I've been working on a Lua fslex lexer in my spare time, using the ocamllex manual as a reference.
I hit a few snags while trying to tokenize long strings correctly. "Long strings" are delimited by '[' ('=')* '['
and ']' ('=')* ']'
tokens; the number of =
signs must be the same.
In the first implementation, the lexer seemed to not recognize [[
patterns, producing two LBRACKET
tokens despite the longest match rule, whereas [=[
and variations where recognized correctly. In addition, the regular expression failed to ensure that the correct closing token is used, stopping at the first ']' ('=')* ']'
capture, no matter the actual long string "level". Also, fslex does not seem to support "as" constructs in regular expressions.

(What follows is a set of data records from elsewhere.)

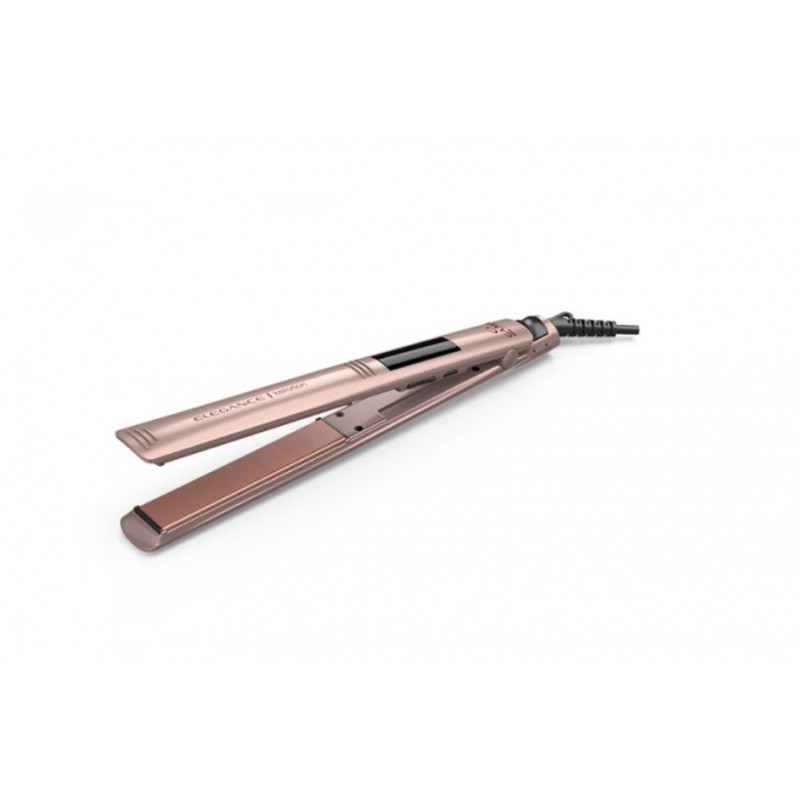 PLANCHITA DE PELO GAMA ELEGANCE LED KERATION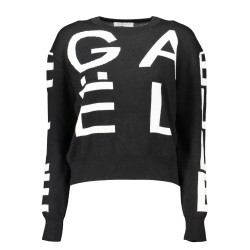 GAELLE PARIS MAGLIONE DONNA NERO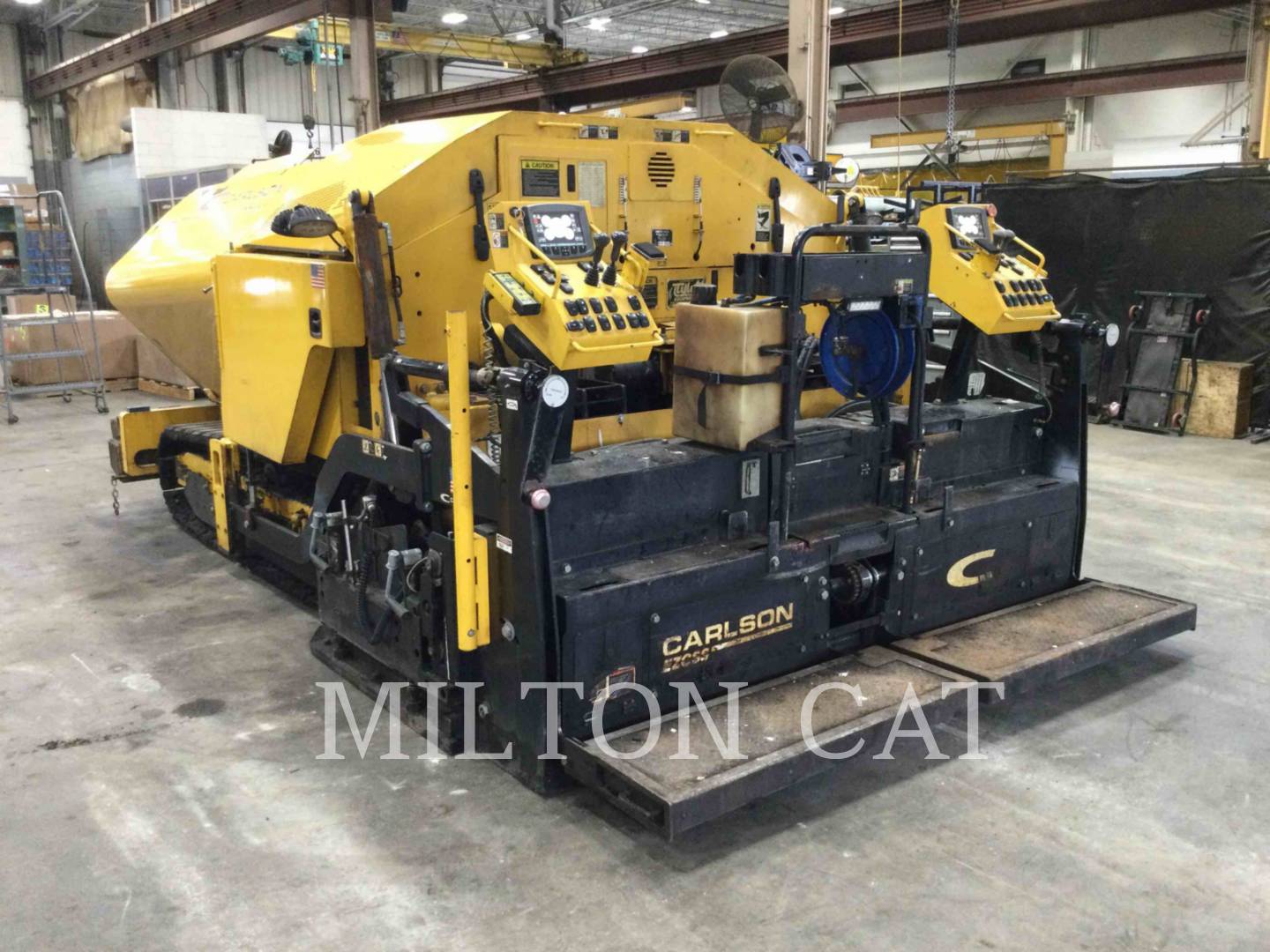 2018 Misc CP100II Paver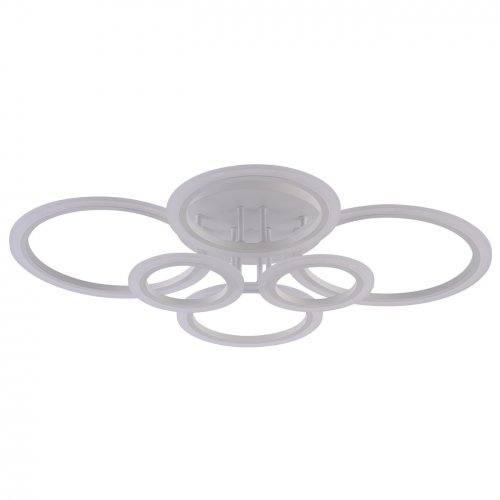 LED светильник VARGO Smart 132W 3000-6500K 13200Lm с пультом DL1005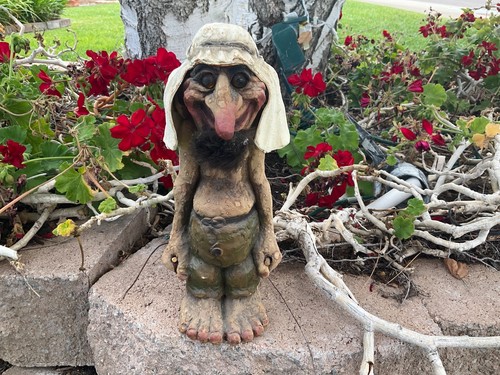 Vintage nyform troll - vintage, olio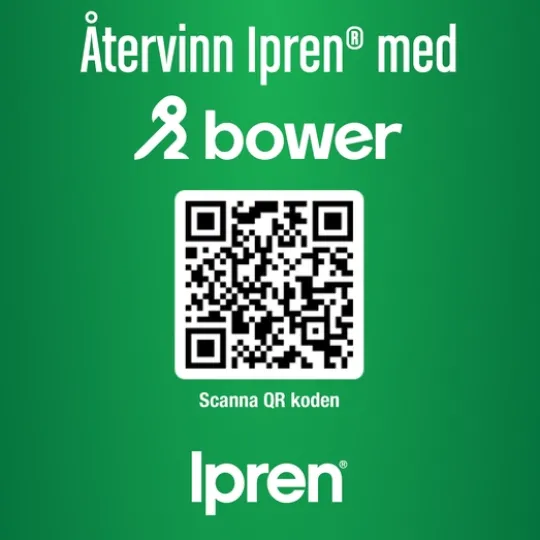 Ipren Filmdragerad Tablett 200 mg 30 st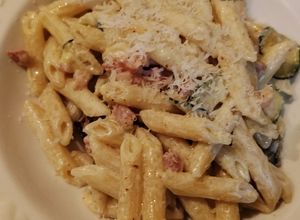 Foto di Penne alle zucchine e philadelphia light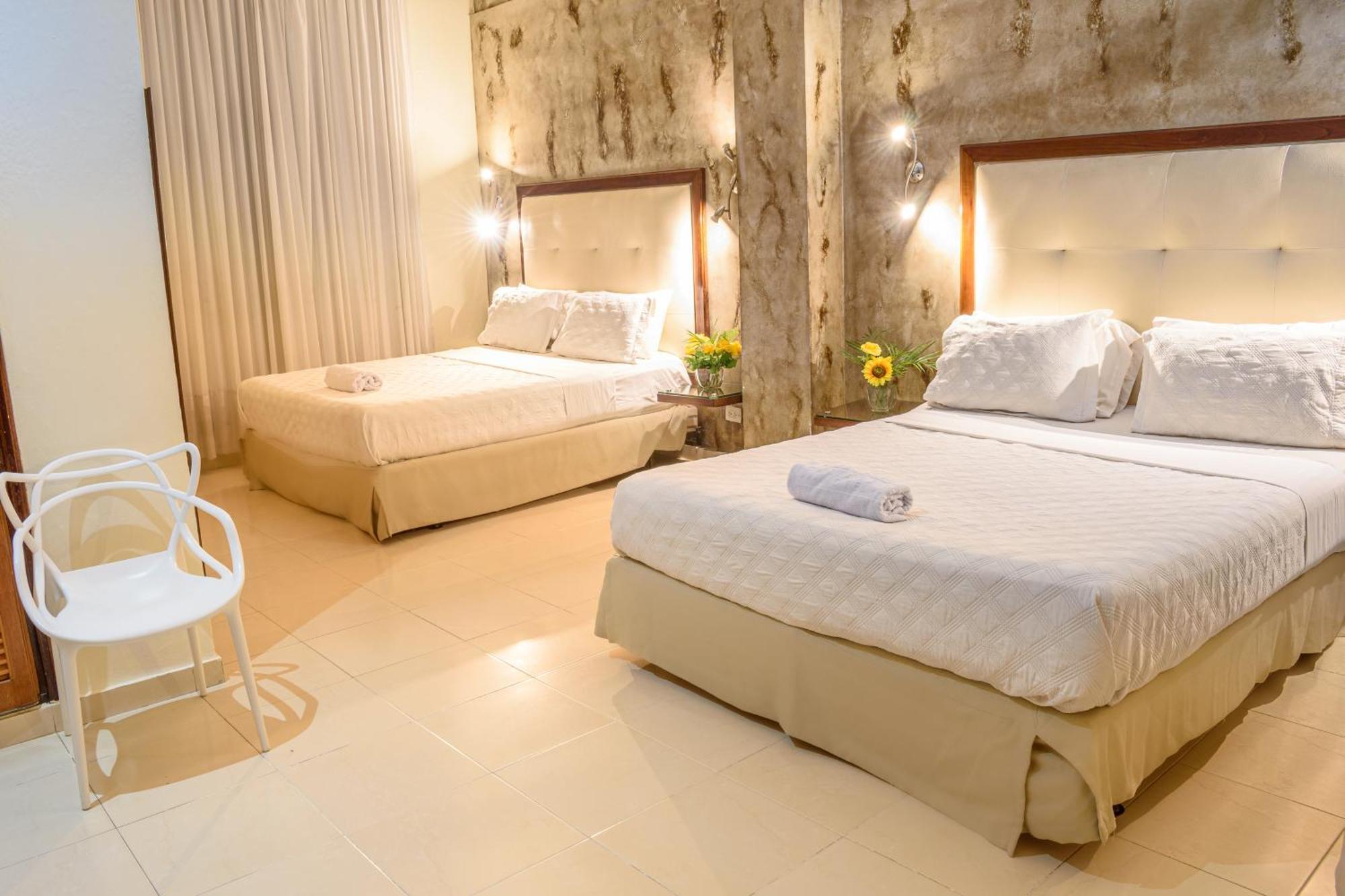 Hotel Virrey Cartagena Eksteriør billede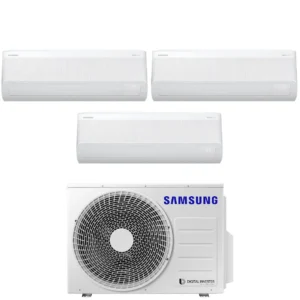 Climatizzatore Condizionatore Samsung Trial Split Inverter serie WINDFREE AVANT S2 9+9+12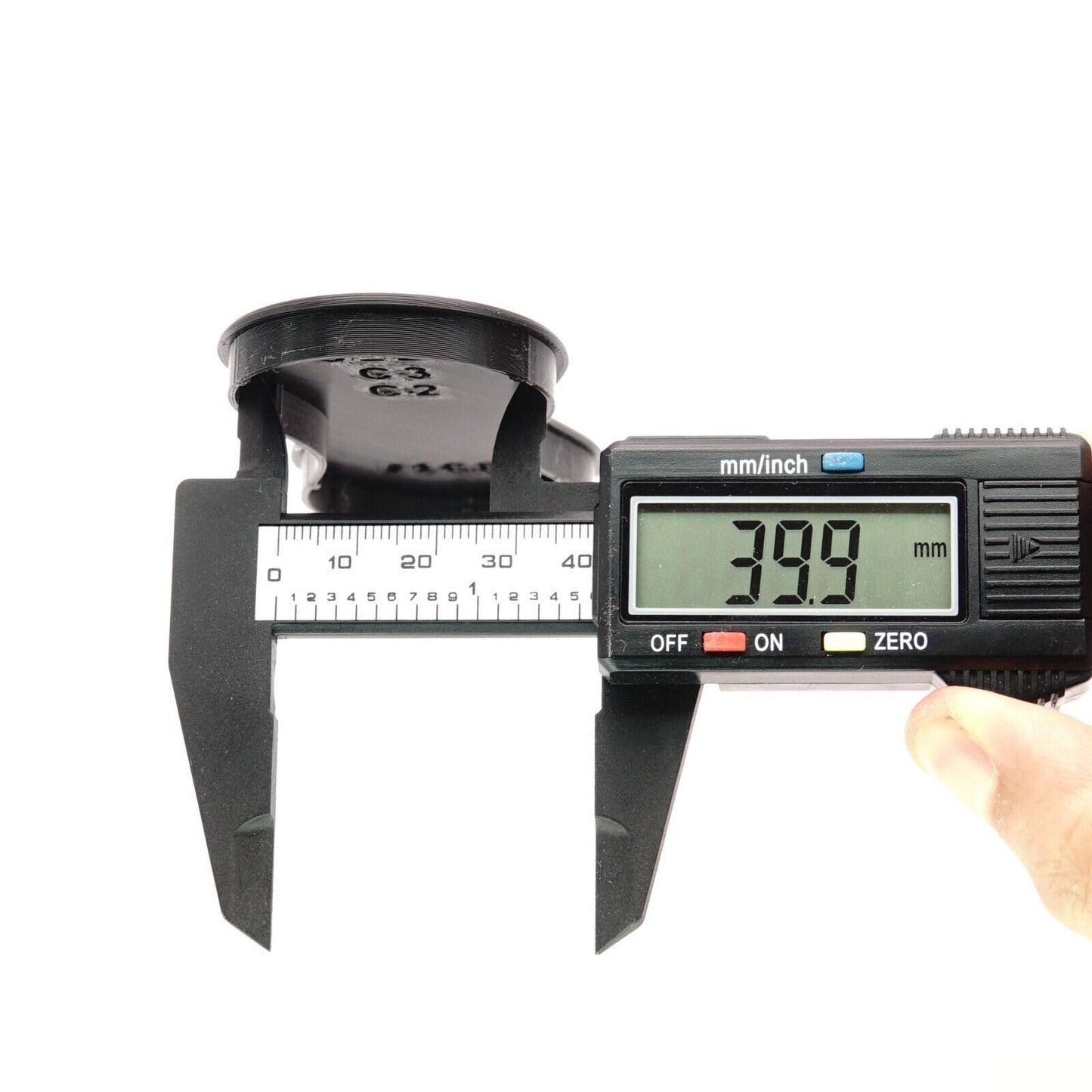 Copriobiettivo posteriore per Mamiya Sekor TLR 135mm / 180mm / 250mm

let lualongstring = '[' ('=')* '[' ( escapeseq | [^ '\\' '[' ] )* ']' ('=')* ']'
(* ... *)
| lualongstring { (* ... *) }
| '[' { LBRACKET }
| ']' { RBRACKET }
(* ... *)
I've been trying to solve the issue with another rule in the lexer:
rule tokenize = parse
(* ... *)
| '[' ('=')* '[' { longstring (getLongStringLevel(lexeme lexbuf)) lexbuf }
(* ... *)
and longstring level = parse
| ']' ('=')* ']' { (* check level, do something *) }
| _ { (* aggregate other chars *) }
(* or *)
| _ {
let c = lexbuf.LexerChar(0);
(* ... *)
}
But I'm stuck, for two reasons: first, I don't think I can "push", so to speak, a token to the next rule once I'm done reading the long string; second, I don't like the idea of reading char by char until the right closing token is found, making the current design useless.
How can I tokenize Lua long strings in fslex? Thanks for reading.